Completely in support of the death penalty.

To all of those who are so against the idea of a "state" having the right to exercise the death penalty: THE STATE, and the state alone, guarantees your life, "rights," and property.

In the absence of a state, the anarchic "state of nature" rules. What this means, essentially, is that you can be killed or robbed at any time, for any reason, and you have no recourse whatsoever except for what your own personal might allows.

In other words, "the state" is (among other things) a condition of possibility for your very life. We very much take for granted that people are not allowed to simply murder us and steal all of our possessions. But what prevents or deters them from doing this? THE STATE.

That's the reason, for example, that a compulsory military draft, while unfortunate, is justifiable. The state is justified in demanding your service, potentially costing your life, because it is the state that has guaranteed and made your life possible in the first place. You owe the state, however much you may dislike the idea and shirk your responsibilities as a citizen.
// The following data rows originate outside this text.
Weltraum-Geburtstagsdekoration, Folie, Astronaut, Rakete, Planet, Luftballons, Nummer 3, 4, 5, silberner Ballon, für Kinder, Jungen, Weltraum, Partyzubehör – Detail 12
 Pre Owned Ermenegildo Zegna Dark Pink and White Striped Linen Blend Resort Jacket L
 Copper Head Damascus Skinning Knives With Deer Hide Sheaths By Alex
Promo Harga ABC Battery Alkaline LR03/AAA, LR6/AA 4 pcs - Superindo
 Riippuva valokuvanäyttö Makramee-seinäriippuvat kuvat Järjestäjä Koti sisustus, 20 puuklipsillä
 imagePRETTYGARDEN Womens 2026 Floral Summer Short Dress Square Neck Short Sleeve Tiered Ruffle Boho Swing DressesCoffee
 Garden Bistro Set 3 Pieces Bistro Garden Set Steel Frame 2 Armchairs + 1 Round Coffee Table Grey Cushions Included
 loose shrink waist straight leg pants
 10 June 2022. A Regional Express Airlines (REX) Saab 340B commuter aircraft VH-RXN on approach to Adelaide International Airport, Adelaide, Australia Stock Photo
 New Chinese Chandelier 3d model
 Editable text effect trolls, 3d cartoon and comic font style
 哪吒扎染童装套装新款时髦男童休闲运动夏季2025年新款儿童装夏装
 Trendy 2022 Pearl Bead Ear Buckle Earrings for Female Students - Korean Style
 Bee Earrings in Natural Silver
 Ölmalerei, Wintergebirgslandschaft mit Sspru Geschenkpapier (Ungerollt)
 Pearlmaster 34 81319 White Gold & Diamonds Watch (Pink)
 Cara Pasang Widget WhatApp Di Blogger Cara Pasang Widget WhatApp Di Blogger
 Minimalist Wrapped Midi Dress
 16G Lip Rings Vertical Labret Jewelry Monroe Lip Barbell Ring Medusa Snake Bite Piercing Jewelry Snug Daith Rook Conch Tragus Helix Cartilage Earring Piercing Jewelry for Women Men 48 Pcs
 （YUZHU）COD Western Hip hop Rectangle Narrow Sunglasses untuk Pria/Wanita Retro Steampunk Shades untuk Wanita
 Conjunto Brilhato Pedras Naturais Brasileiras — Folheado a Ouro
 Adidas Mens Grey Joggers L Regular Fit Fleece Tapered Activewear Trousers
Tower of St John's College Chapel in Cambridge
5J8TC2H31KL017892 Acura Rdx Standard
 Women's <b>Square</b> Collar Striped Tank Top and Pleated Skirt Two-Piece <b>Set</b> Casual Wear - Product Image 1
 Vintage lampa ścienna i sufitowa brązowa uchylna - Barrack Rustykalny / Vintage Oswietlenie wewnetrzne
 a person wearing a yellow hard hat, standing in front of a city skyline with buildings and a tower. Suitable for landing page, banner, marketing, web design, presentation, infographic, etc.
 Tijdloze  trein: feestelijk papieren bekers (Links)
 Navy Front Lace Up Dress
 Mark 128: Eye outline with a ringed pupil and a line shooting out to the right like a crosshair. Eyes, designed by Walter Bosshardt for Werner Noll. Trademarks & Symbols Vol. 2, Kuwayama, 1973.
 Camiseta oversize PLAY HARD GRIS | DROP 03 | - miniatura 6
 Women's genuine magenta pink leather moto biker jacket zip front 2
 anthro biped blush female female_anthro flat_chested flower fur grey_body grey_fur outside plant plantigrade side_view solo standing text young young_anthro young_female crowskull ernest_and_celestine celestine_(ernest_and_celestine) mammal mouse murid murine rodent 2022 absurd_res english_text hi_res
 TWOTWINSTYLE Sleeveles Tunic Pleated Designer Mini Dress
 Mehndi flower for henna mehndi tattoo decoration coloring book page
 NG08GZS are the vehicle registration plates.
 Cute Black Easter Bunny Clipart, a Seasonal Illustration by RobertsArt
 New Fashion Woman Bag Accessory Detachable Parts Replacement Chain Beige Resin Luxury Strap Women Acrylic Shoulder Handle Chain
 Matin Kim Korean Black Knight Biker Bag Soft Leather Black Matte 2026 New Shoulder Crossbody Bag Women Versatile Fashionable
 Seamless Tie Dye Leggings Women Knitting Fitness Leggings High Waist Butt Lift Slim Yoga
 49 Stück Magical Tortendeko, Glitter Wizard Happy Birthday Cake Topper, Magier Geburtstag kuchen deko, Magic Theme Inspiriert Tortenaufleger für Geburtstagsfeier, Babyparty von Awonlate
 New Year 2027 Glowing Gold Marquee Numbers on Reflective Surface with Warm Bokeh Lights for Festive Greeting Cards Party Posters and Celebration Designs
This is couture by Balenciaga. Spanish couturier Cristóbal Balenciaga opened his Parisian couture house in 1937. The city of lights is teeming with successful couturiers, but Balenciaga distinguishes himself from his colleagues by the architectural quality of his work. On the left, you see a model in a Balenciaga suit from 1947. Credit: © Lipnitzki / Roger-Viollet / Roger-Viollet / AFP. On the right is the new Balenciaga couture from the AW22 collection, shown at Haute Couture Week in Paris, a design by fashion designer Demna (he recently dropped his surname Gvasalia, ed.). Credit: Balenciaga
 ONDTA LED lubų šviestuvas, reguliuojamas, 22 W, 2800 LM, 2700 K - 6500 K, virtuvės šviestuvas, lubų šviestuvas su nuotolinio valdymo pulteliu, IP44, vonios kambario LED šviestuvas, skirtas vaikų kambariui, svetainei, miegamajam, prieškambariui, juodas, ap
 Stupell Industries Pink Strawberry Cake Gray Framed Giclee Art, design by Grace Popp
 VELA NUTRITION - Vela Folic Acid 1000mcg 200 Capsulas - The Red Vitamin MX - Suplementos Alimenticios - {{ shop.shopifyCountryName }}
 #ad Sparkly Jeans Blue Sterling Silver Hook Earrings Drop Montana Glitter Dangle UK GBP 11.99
When a person makes himself an enemy of the state and threatens its well-being (usually by breaking one or more of its more serious laws, such as murder), the state is justified in taking the life of that individual (in much the same way that murder by self-defense is justified if someone is trying to kill you). A person's "right to life" is only guaranteed by the state, and if he forfeits his relationship to that state, he also forfeits the rights that were guaranteed thereunder.

The death penalty is not so much an act of "revenge" as it is an act of purging a state of the enemies that threaten it's well-being.

Rousseau lays all of this out far more elegantly than I ever could in The Social Contract. Highly recommended reading for all of the childishly confused subversives in these forums who haven't the foggiest idea of the political reality that envelops them.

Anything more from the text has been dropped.